Re: Notification on Spark Streaming job failure

2015-10-07 Thread Adrian Tanase
We’re deploying using YARN in cluster mode, to take advantage of automatic 
restart of long running streaming app. We’ve also done a POC on top of 
Mesos+Marathon, that’s always an option.

For monitoring / alerting, we’re using a combination of:

  *   Spark REST API queried from OpsView via nagios style checks
 *   Here, we have thresholds on things like number of successful jobs / 
tasks, total execution time, etc
  *   Custom business/operational metrics logged manually from the streaming 
app to OpenTSDB
 *   we’re using a combination of spark accumulators and custom RDDs – 
after summarizing some counters we’re pushing them to OpenTSDB via the REST API
 *   we’re using dashboards built with Grafana that poll OpenTSDB – nicer 
looking, same functionality
 *   We have a custom opsview check that queries OpenTSDB and looks for 
some successful number of events processed by the job over a period of time
 *   This is coupled with  a stable stream of data from a canary instance

Hope this helps – feel free to google around for all the above buzzwords :). I 
can get into more details on demand.

-adrian

From: Chen Song
Date: Monday, September 28, 2015 at 5:00 PM
To: Krzysztof Zarzycki
Cc: user
Subject: Re: Notification on Spark Streaming job failure

I am also interested specifically in monitoring and alerting on Spark streaming 
jobs. It will be helpful to get some general guidelines or advice on this, from 
people who implemented anything on this.

On Fri, Sep 18, 2015 at 2:35 AM, Krzysztof Zarzycki 
mailto:k.zarzy...@gmail.com>> wrote:
Hi there Spark Community,
I would like to ask you for an advice: I'm running Spark Streaming jobs in 
production. Sometimes these jobs fail and I would like to get email 
notification about it. Do you know how I can set up Spark to notify me by email 
if my job fails? Or do I have to use external monitoring tool?
I'm thinking of the following options:
1. As I'm running those jobs on YARN, monitor somehow YARN jobs. Looked for it 
as well but couldn't find any YARN feature to do it.
2. Run Spark Streaming job in some scheduler, like Oozie, Azkaban, Luigi. Those 
are created rather for batch jobs, not streaming, but could work. Has anyone 
tried that?
3. Run job driver under "monit" tool and catch the failure and send an email 
about it. Currently I'm deploying with yarn-cluster mode and I would need to 
resign from it to run under monit
4. Implement monitoring tool (like Graphite, Ganglia, Prometheus) and use Spark 
metrics. And then implement alerting in those. Can I get information of failed 
jobs in Spark metrics?
5. As 4. but implement my own custom job metrics and monitor them.

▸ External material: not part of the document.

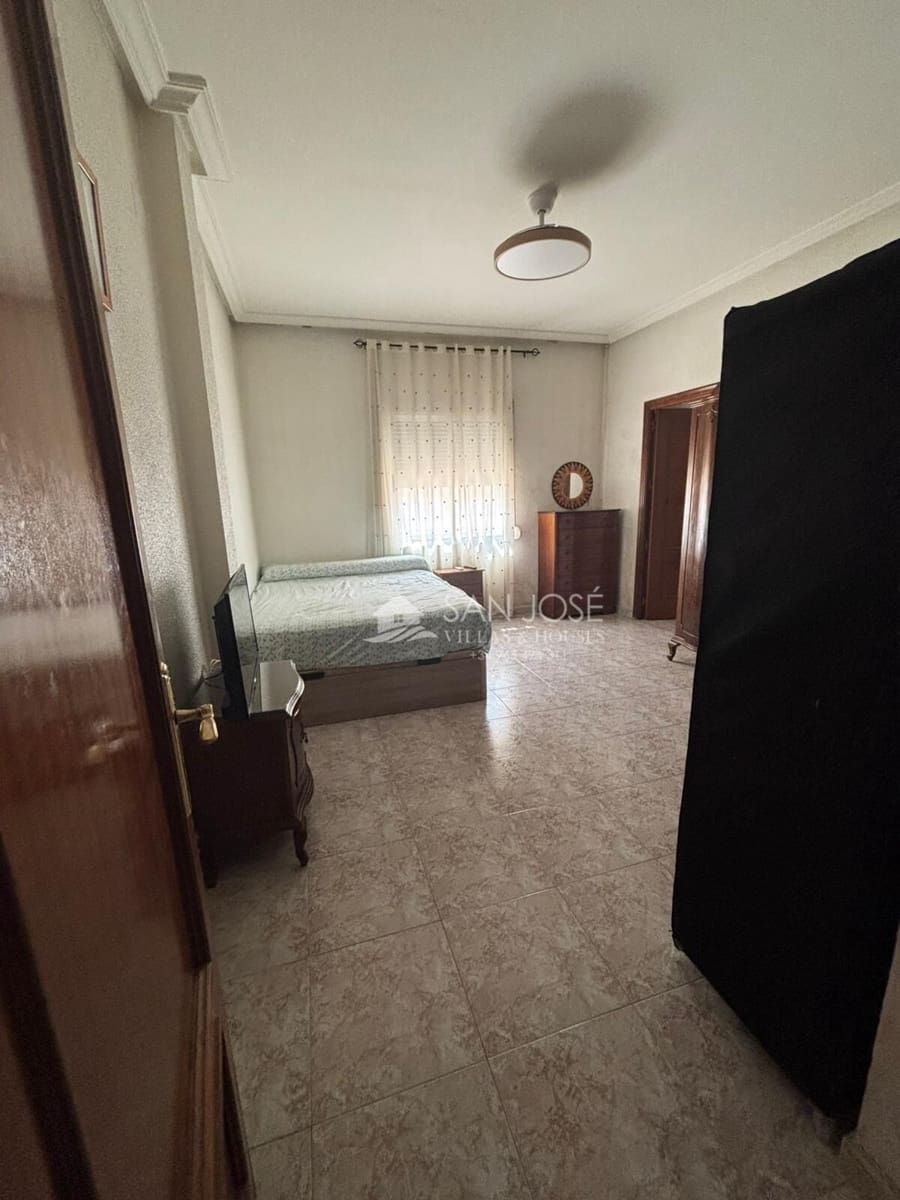 6 bedroom Townhouse for sale in Monforte del Cid with garage - € 137,260 (Ref: 9496400)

What's your opinion about my options? How do you people solve this problem? 
Anything Spark specific?
I'll be grateful for any advice in this subject.
Thanks!
Krzysiek




--
Chen Song



Re: Notification on Spark Streaming job failure

2015-10-07 Thread Steve Loughran

On 7 Oct 2015, at 06:28, Krzysztof Zarzycki 
mailto:k.zarzy...@gmail.com>> wrote:

Hi Vikram, So you give up using yarn-cluster mode of launching Spark jobs, is 
that right? AFAIK when using yarn-cluster mode, the launch process 
(spark-submit) monitors job running on YARN, but if it is killed/dies, it just 
stops printing the state (RUNNING usually), without influencing the monitored 
job. So you cannot use monit features on the launch process (like restart on 
fail,etc.)

One more thing: Monit depends on pidfiles and spark-submit (in yarn-client 
mode) does not create them. Do you create them on your own?

Thanks!
Krzysiek


you know, there's nothing to stop anyone adding a little monitoring tool -just 
poll the YARN RM for application reports and then fail if the application -> 
FAILED/KILLED states. If you do this, do test what happens during AM Restart 
-you probably want to send a notification, but it is not as serious as a full 
application failure



2015-10-07 6:37 GMT+02:00 Vikram Kone 
mailto:vikramk...@gmail.com>>:
We are using Monit to kick off spark streaming jobs n seems to work fine.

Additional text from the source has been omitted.